Ülkeler bu amaçla tarih boyunca silahlı ordular bulundurmuş ve ‘gerektiğinde’ de kullanmışlardır. Gelişmiş! Dünyanın teknolojik çalışmalarla elde ettiği buluşlar, maalesef öncelikle silah sistemlerinde uygulanmıştır. Sanayileşme dönemi boyunca ve özellikle günümüzde çok hızlı gelişen teknolojiler, silah sistemlerinin de çok hızlı tüketilmesine, yeni daha modern silah sistemlerine olan ihtiyacı tetikleyen sürekli bir süreç haline getirmiştir. Hatta, uzay çalışmalarının önemli bir kısmını “uzay savaşları”na yer verilmesi, insanoğlunun medeniyet seviyesinde ilk çağlardan itibaren değişen bir şey olmadığını da göstermektedir.
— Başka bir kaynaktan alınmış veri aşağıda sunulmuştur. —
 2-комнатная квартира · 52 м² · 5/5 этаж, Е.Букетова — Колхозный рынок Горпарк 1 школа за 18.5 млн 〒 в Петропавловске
Bu çerçevede tarihimizin son iki yüzyılına kısa bir göz gezdirecek olursak, Osmanlı imparatorluğunun tarih sahnesinden silinmesindeki en önemli faktörlerin başında, ülkede genel olarak bilim, sanayi ve teknoloji üretilememesi nedeniyle, silah sistemlerini de geliştirememelerine ve rakip devletler karşısında girdikleri savaşlarda yenilmelerine neden olmuştur. Bu genel geri kalmışlık ve geri gidiş sürecinde, idareciler özellikle devletin son dönemlerde her ne kadar ülkeyi savaşlara sokmamaya çalışmış olsalar da, iç ve dış dinamiklerin zorlamasıyla devlet kendisini balkan, yemen ve birinci dünya savaşlarının içinde bulmuştur.
Cumhuriyetin ilk dönemlerinde, tarihten alınan bu ağır dersin de öğreticiliği ile her alanda görülen geri kalmışlığı kapatmaya ve bu kapsamda savunma sanayiinde dünya standartlarını yakalamaya yönelik atılımlar da yapılmıştır. Bugünkü tabirle ‘yerli ve milli’ nitelikli savaş uçağı dahil üretilmeye, hatta ihraç edilmeye başlanılmış olduğunu da görüyoruz.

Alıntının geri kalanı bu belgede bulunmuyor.